# Top 5 Geckos To Keep



## Vixen (Jun 1, 2008)

Thought i'd make a gecko thread to go with the top 5 snakes thread. Lets see what everyone has their eye on!

1. Nephrurus Amyae

2. Nephrurus Asper

3. Nephrurus Levis Pilbarensis

4. Diplodactylus Granariensis

5. Diplodactylus Galeatus


----------



## warren63 (Jun 1, 2008)

OMG you are a mind Reader was thinking the same thign when i saw that thread today.
Only want a few at the moment.
1. Oedura Gemmatta
2.Oedura Coggeri
3. Oedura Lesuerii
Yes i have Oedura fever LOL


----------



## RedEyeGirl (Jun 1, 2008)

cool exactly the same as u guys


----------



## scam7278 (Jun 1, 2008)

NT O.Marmorata
O.Gemmartta
WA O. Marmorata
Katherine spiney tails


----------



## Twiggz (Jun 1, 2008)

1. N.Amyae
2. N.Asper
3. S.Elderi
4. D.Galeatus
5. P.Lindneri


----------



## spilota_variegata (Jun 1, 2008)

There's only one Australian gecko that I would like to keep.

1. Nephrurus Amyae
2. Nephrurus Amyae
3. Nephrurus Amyae
4. Nephrurus Amyae
5. Nephrurus Amyae


----------



## Rocket (Jun 1, 2008)

I'm assuming this thread is about what species you'd most desire to keep and not the top 5 you have kept so I'll say..

1. Carphodactylus laevis
2. Pseudothecadactylus lindneri
3. Cyrtodactylus louisiadensis
4. Nephrurus levis (can't beat the good old knobbie)
5. Oedura filicipoda


----------



## Vixen (Jun 1, 2008)

Yep its for what you want =)


----------



## luke.r.s (Jun 1, 2008)

mine would be, N levis levis
amyae
asper
chamilion gecko spl?
giant cave gecko

if i was overseas their would be a few more on their too but the aussies would still be at the top


----------



## Gecko :) (Jun 2, 2008)

N Wheeleri (both)
N Amyae
N Asper
N pilbarensis
N Levis


----------



## mistymtn (Jun 2, 2008)

1. N. Stellatus
2. N. Levis (Jellybean)
3 N. Amyae
4.N. Deleani
5. N. Wheeleri

If anyone has any available this season, Pm me.

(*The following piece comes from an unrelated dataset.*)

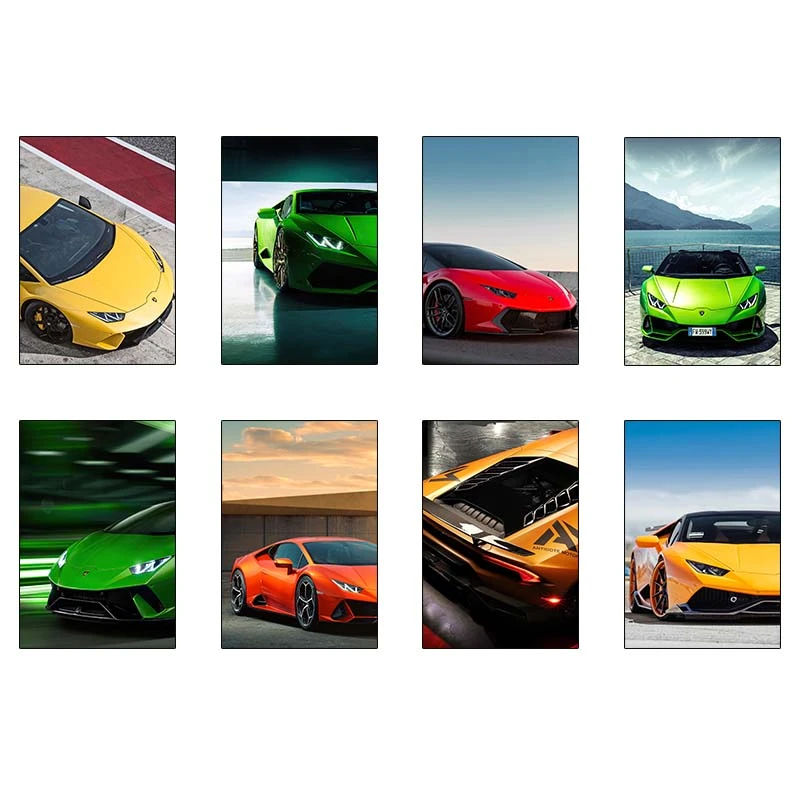 پوستر کارنيکا طرح لامبورگینی هوراکان Lamborghini Huracan کد 19782 مجموعه 8 عددی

I will be very interested


----------



## geckoman1985 (Jul 30, 2008)

*gecko man 1985*

i like geckos that much that i chose 10

1. nephrurus levis pilbarensis
2.nephrurus asper
3.nephrurus wheeleri cinctus
4.oedura castelnaul
5.oedura filicipoda
6.oedura tryoni
7.underwoodisaurus milii
8.pseudothecadatylus lindneri
9.diplodactyuls vittaus
10.nephrurus deleani

ops was that 11 

11. hemidactylus fernatus asian house gecko

lol


----------



## Tim.Arm (Jul 30, 2008)

*1. N.Amyae*
*2. Carphodactylus laevis*
*3. N.Asper*
*4. Diplodactylus galeatus*
*5. Oedura coggeri*


----------



## Jakee (Jul 30, 2008)

Everysingle nephrurus


----------